Russian response to US Open Skies withdrawal

Russia's Foreign Ministry has insisted that it had not violated the treaty and claimed that the Trump administration’s intentions are to "derail all agreements on arms control”.

"We reject any attempts to justify a way out of this fundamental agreement," Russian Deputy Foreign Minister Alexander Grushko told Russia's state-owned RIA Novosti news agency.

"Nothing prevents continuing the discussions over the technical issues, which the US is misrepresenting as violations by Russia.”

Democratic criticism

Several Democrats have criticized the Trump administration’s decision to pull out of the Open Skies Treaty, with Rep. Adam Smith (D-Wash.) stating that it was “a slap in the face to our allies in Europe".

He added: “This decision weakens our national security interests, isolates the United States since the Treaty will continue without us, and abandons a useful tool to hold Russia accountable."

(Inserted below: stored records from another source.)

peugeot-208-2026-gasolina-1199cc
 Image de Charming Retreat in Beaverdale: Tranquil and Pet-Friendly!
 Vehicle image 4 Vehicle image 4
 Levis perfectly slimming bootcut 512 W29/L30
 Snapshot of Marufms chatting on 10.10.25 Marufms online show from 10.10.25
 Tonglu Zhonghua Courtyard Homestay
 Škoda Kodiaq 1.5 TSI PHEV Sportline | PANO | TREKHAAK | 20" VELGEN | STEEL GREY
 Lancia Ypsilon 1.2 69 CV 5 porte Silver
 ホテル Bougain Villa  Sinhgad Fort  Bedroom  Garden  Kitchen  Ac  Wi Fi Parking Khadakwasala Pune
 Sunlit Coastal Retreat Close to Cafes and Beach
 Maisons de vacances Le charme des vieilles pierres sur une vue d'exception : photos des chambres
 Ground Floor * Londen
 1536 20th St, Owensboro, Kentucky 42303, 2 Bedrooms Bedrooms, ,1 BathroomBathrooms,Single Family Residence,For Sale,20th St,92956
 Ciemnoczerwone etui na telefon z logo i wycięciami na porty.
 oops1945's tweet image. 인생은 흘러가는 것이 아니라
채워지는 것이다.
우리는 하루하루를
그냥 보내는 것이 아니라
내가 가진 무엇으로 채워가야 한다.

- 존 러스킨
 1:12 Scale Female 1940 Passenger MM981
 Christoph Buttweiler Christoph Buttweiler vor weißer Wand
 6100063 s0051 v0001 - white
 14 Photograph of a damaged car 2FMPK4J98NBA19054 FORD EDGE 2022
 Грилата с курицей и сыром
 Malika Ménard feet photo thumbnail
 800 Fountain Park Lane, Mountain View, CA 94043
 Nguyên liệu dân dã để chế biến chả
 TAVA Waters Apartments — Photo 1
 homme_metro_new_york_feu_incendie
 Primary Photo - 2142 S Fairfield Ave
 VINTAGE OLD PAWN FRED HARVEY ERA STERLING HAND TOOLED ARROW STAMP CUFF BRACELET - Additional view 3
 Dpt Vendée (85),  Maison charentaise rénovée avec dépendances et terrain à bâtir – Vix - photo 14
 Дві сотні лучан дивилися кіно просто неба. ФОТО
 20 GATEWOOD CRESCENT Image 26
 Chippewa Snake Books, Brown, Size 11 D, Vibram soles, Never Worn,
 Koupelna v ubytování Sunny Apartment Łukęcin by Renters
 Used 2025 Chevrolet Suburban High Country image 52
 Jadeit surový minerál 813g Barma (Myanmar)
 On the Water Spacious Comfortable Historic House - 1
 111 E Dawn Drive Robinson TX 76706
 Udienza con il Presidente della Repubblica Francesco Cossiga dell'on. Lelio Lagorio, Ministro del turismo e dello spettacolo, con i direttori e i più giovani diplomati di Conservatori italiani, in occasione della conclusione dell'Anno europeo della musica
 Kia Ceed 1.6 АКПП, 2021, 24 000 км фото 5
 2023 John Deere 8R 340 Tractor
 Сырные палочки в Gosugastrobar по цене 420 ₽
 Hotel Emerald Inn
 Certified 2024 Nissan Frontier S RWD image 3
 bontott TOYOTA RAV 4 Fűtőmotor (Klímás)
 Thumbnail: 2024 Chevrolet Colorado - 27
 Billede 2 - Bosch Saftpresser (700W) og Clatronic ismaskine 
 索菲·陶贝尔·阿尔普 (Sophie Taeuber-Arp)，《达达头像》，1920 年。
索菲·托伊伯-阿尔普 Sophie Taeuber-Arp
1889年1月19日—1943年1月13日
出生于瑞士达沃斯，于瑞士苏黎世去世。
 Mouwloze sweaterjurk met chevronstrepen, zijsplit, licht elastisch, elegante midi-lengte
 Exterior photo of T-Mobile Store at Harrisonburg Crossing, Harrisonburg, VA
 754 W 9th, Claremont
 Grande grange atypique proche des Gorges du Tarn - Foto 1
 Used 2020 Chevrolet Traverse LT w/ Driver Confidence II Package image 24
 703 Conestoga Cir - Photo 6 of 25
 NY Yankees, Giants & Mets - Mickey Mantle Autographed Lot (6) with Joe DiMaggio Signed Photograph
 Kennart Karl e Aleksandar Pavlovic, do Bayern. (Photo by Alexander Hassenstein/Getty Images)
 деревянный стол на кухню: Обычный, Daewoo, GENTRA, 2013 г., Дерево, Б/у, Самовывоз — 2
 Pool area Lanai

Meanwhile, Michael Hayden, the retired US Air Force general and former National Security Agency director, has described the decision as “insane” in comments made on Twitter.

The Open Skies Treaty, which has been signed by more than 30 nations, was established in 1992 to strengthen international security following the fall of the Soviet Union and is viewed as an important mechanism in the control of nuclear arms proliferation.